Manifesto of Race
The Manifesto of Race (Italian: Manifesto della razza), sometimes known as the Charter of Race or Racial Manifesto, was a manifesto published on 14 July 1938 which prepared the enactment, in September 1938, of a set of laws in Fascist Italy. The laws are regarded as antisemitic in nature, stripping the Jews of Italian citizenship and with it any position in the government or professions which many previously held. The manifesto demonstrated the enormous influence Adolf Hitler had over Benito Mussolini since Italy had become allied with Nazi Germany.
In the sixteen years of Benito Mussolini's dictatorship prior to this, there had not been any race laws; Mussolini had held the view that a small contingent of Italian Jews had lived in Italy "since the days of the Kings of Rome" (a reference to the Bené Roma) and should "remain undisturbed". There were even some Jews in the National Fascist Party, such as Ettore Ovazza who in 1935 founded the Jewish Fascist paper La Nostra Bandiera. The German influence on Italian policy upset the established balance in Fascist Italy and proved highly unpopular to most Italians, to the extent that Pope Pius XI sent a letter to Mussolini protesting against the new laws. Among the 42 signers of the "Manifesto of Race" were two medical doctors (S. Visco and N. Fende), an anthropologist (L. Cipriani), a zoologist (E. Zavattari) and a statistician (F. Savorgnan).

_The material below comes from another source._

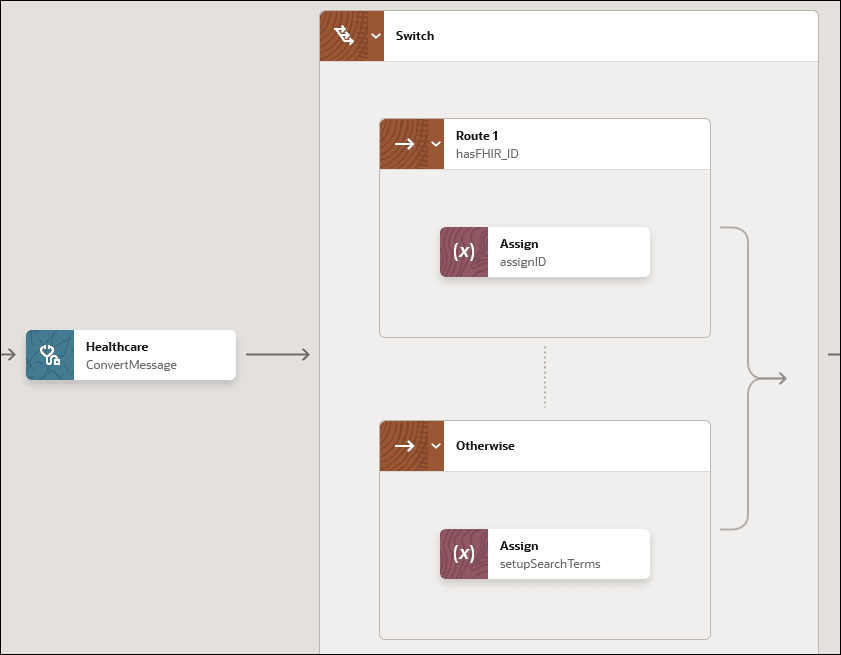 The healthcare action and switch action are shown. The switch action is expanded to show two routes: Route 1 (which includes an assign action) and Otherwise (which includes an assign action).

The Manifesto of Race, published in July 1938, declared the Italians to be descendants of the Aryan race. It targeted races that were seen as inferior (i.e. not of Aryan descent). In particular, Jews were banned from many professions and could have their property confiscated. Under racial laws, marriages between Italians and Jews were abolished, Jews were banned from positions in banking, government, and education, and their properties were confiscated.[clarification needed] These laws also targeted African races.
According to the historian Renzo De Felice, the influence of the Nazis and of Germany was significant, but not the sole factor in the generation of these racial concerns and decrees. From the Nazi side there had not been pressure because Italy allied itself even in this subject of race with Germany; and Mussolini had been himself ideologically expounding upon the need to preserve the stock of the "European Aryan" race for years.
The strong Italian and German alliance was greatly bound by the common political philosophy of fascism as a form of "progressive reaction"—both Mussolini and Hitler despised modern-style liberal humanist democracy, but lauded their own ideas of fascism as paradoxically the fulfillment of true, anti-Marxist, "organized, centralized, authoritarian democracy" or "folk-socialist democracy". Mussolini was greatly admired by Adolf Hitler, and in one of his conversations Hitler opened up emotionally, declaring the Duce was his "only real friend". Hitler was captivated and personally inspired by the 1922 March on Rome and envisioned himself at the head of a similar march on Berlin. Thus, Mussolini increasingly decided to harmonize Italian Fascism with the National Socialists by introducing anti-Semitic legislation in Italy as evidence of his good faith. He conceived it, at least partially and tactically, as an offering calculated to solidify the Italo-German Alliance. In Fascist literature and periodicals, a shift toward a less refined racism, accentuating the biological, Indo-European element occurred, emphasizing the original Latin Romans as a nucleus of warlike Aryans closely related to Celtic and paleo-Iranian ethnic groups (see Italo-Celtic) and more and more Italian Fascist nationalism merged with Aryan racism doctrinally.
After considerable resistance, National Socialists influence began to penetrate some circles in Fascist Italy. The individualistic maverick thinker Julius Evola was key in introducing Aryan racism and anti-Semitism into Fascist Italy. In general, however, there was a concerted effort to distinguish Fascist "racism", allegedly of "culturalist" variety, from that emanating from the Germanic realm. Giovanni Gentile, for example, despised the introduction of biological racism into Fascism, and the same can be said of the majority of the early theoreticians of intellectual Fascism. Yet a concern for corporate group national identity, as opposed to what Gentile called the "solipsist ego" enshrined by demo-liberal politics, was always part of the Fascist world-view. In any case, it was not unusual, before the outbreak of Second World War, for Fascist intellectuals to oppose themselves to the more excessive and irrational components of Ariosophy-descended National Socialist racism.